The Julia script prompts2wlist.jl can take the prompts.txt file you just created, and remove the file name in the first column and print each word on one line into a word list file (wlist).
Download prompts2wlist.jl to your voxforge/bin folder.
Next, go back to your 'voxforge/tutorial' directory (where your prompts.txt file is located), and run prompts2wlist.jl as follows:
julia ../bin/prompts2wlist.jl prompts.txt wlist |
This will create the wlist file.
Note: the following entries were automatically added to your wlist file (in sorted order):
SENT-END |
These are HTK internal entries required for creation of the Acoustic
Model, and for processing of the Acoustic Model by Julius.
The next step is to add pronunciation information (i.e. the phonemes that make up the word) to each of the words in the wlist file, thus creating a Pronunciation Dictionnary. HTK uses the HDMan command to go through the wlist file, and look up the pronunciation for each word in a separate lexicon file, and output the result in a Pronunciation Dictionnary.
First you need to create the global.ded script in your 'voxforge/tutorial' folder (default script used by HDMan), which contains:
AS sp RS cmu MP sil sil sp |
This is mainly used to convert all the words in the dict file
to uppercase. See the HTK book for details of what these commands
mean.
Create a new directory called 'lexicon' in your 'voxforge' folder. Create a new file called voxforge_lexicon in your 'voxforge/lexicon' folder, and copy the into it: VoxForgeDict.txt (origin of VoxForge phoneset).

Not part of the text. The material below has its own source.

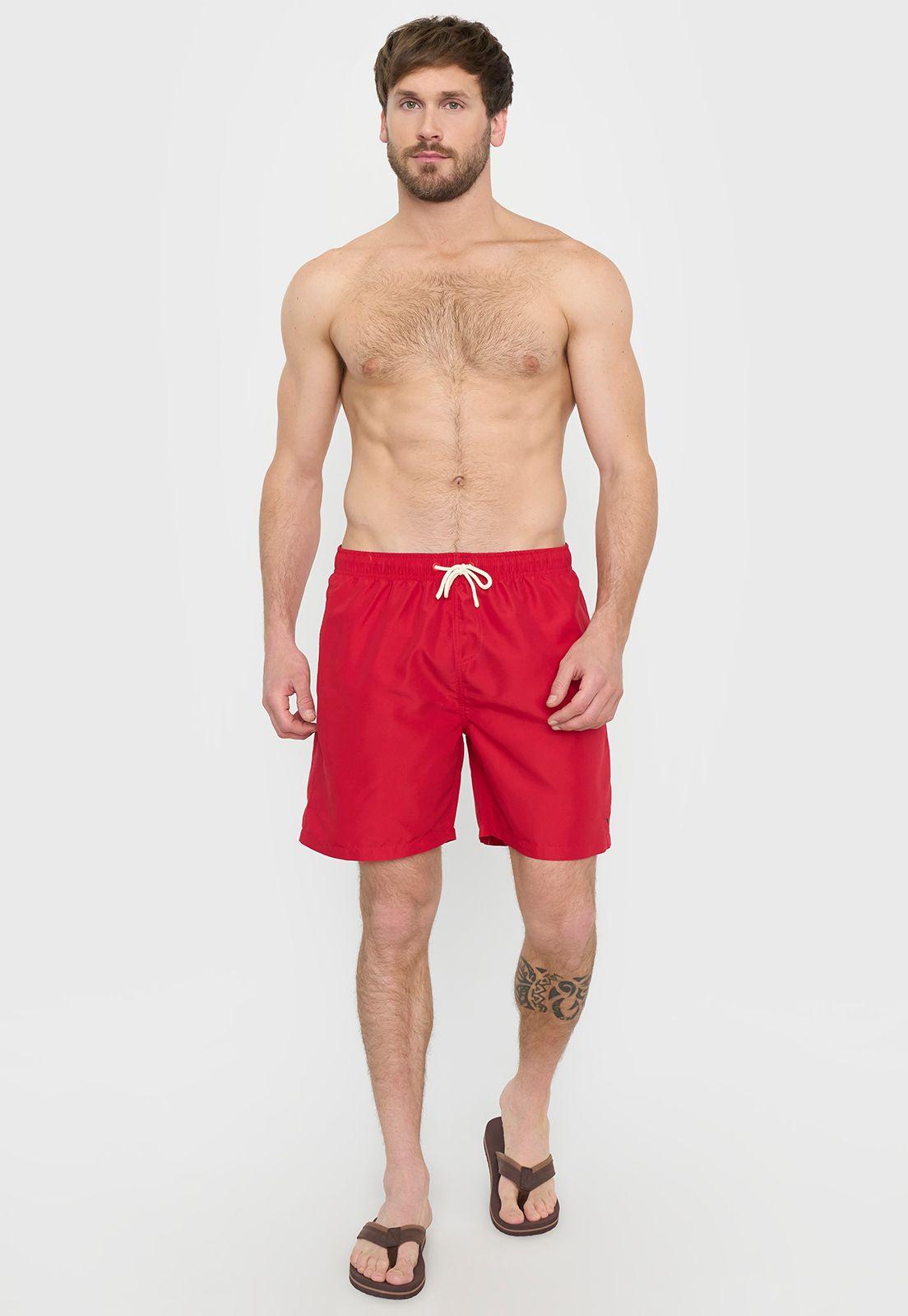 Traje de Baño Hombre Rojo Liso Corona-0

Execute the HDMan command from your 'voxforge/tutorial' directory as follows:
HDMan -A -D -T 1 -m -w wlist -n monophones1 -i -l dlog dict ../lexicon/VoxForgeDict.txt |
The output of the above noted HDMan command is two files:
To help you determine your if dictionnary is phonetically balanced, review the output from your HDMan command in the 'dlog' log file:
WARNING: no script file ../lexicon/VoxForgeDict.ded Dictionary Usage Statistics --------------------------- Dictionary TotalWords WordsUsed TotalProns PronsUsed VoxForgeDict 268089 114 268089 114 dict 114 114 114 114 114 words required, 0 missing New Phone Usage Counts --------------------- 1. ae : 17 2. b : 32 3. ah : 74 4. l : 48 5. ow : 9 6. n : 43 7. sp : 112 8. d : 26 9. aa : 8 10. m : 13 11. z : 7 12. ih : 23 13. sh : 7 14. aw : 4 15. ng : 7 16. t : 32 17. k : 33 18. ch : 5 19. iy : 12 20. v : 8 21. w : 4 22. y : 8 23. uw : 7 24. p : 11 25. er : 13 26. eh : 24 27. r : 21 28. f : 5 29. g : 8 30. s : 15 31. th : 7 32. hh : 10 33. ey : 20 34. dh : 4 35. ao : 6 36. ay : 12 37. zh : 7 38. uh : 5 39. oy : 4 40. jh : 3 41. sil : 2 Dictionary dict created |
Although reviewing
this log will not
conclusively determine whether you have a phonetically balanced pronunciation dictionnary
or not (because it may be missing
certain phones altogether because your grammar is so small), it is
a good place to start.
For HTK to compile your Acoustic Model, you need to make sure that you have (at the very least) 3 to 5 usage counts for each
phone. If there
are phones that only have one occurence, you must add words that use
these phones to your prompts.txt file. You can search through the VoxForgeDict file for the phones you need, and then include the word that contains that phone.
You also need another monophones file for a later Step. Simply copy the "monophones1" file to a new "monophones0" file in your 'voxforge/tutorial' directory and then remove the short-pause "sp" entry in monophones0.